App-specific password phishing

Summary

App-specific password phishing is a social engineering technique where an adversary tricks a user into generating an “app-specific password” for their account and then sharing it with the attacker. These legacy passwords are a feature in some major SaaS providers (like Google and Apple) designed to allow older applications that do not support modern authentication (like OAuth 2.0) to access account data.

The attack flow typically involves a pretext where the attacker, posing as a trusted entity (e.g., tech support, a service provider), directs the user to their account’s security settings. The user is then guided through the process of creating a new app-specific password and is instructed to paste this password into a form or chat window controlled by the attacker.

Because app-specific passwords are created by an already-authenticated user, they often bypass standard multi-factor authentication (MFA) prompts upon creation.

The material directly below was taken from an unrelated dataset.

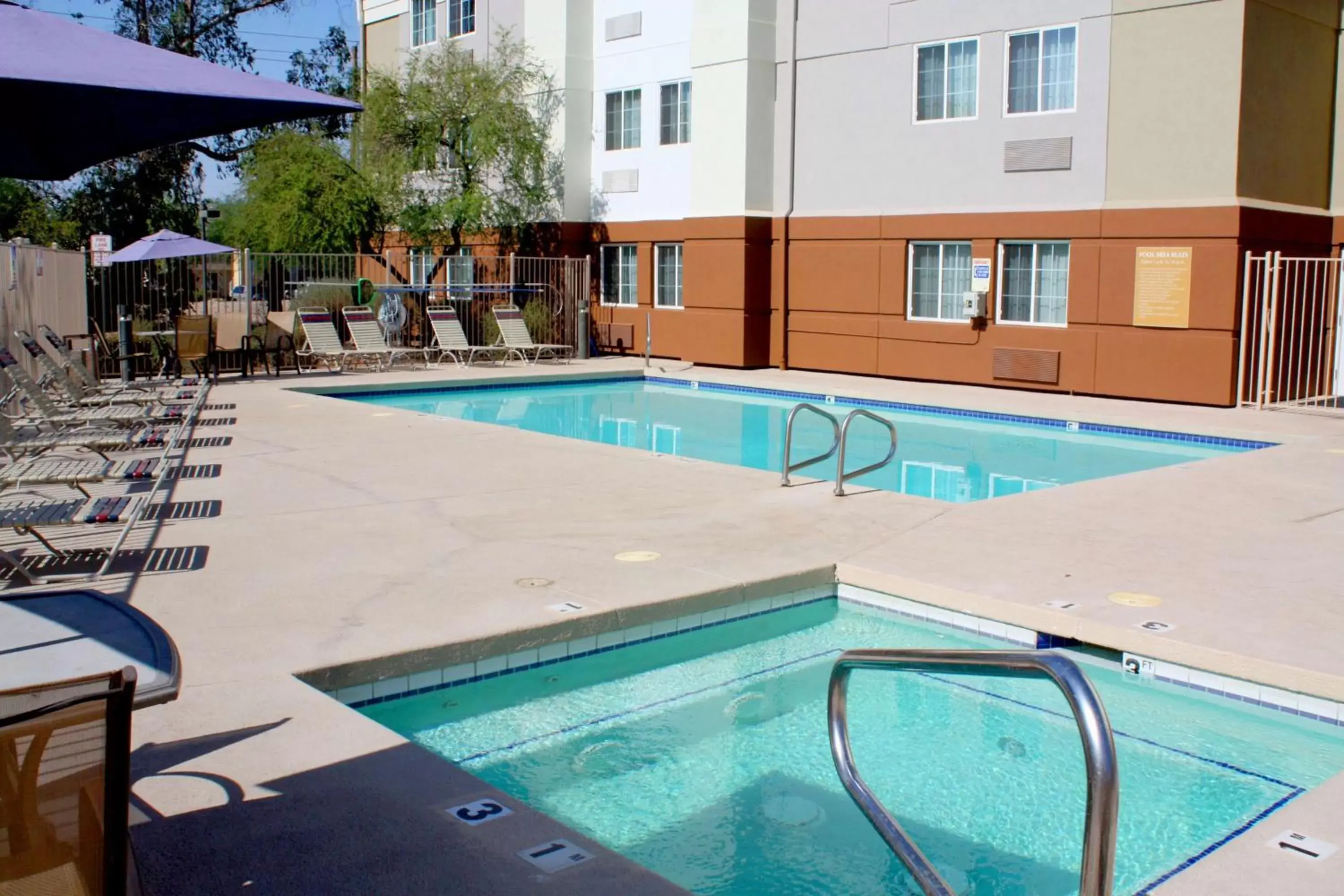 Activities, Swimming Pool in Sonesta Simply Suites Phoenix Glendale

Once the attacker possesses this password, they can gain persistent, programmatic access to the user’s account data (e.g., emails, contacts, files) via APIs, often without triggering the same level of security alerts as a traditional interactive login from an unrecognized device. This makes the access stealthier and more durable than a session token, as these passwords typically remain valid until manually revoked by the user.

This technique is a variant of phishing that targets a specific, often overlooked, credential type. It is similar to [consent phishing] in that it abuses a legitimate feature, but it targets a direct password credential rather than an OAuth consent grant.

They can also be abused at the persistence phase to maintain access to a compromised account in a similar way to ghost logins and API keys.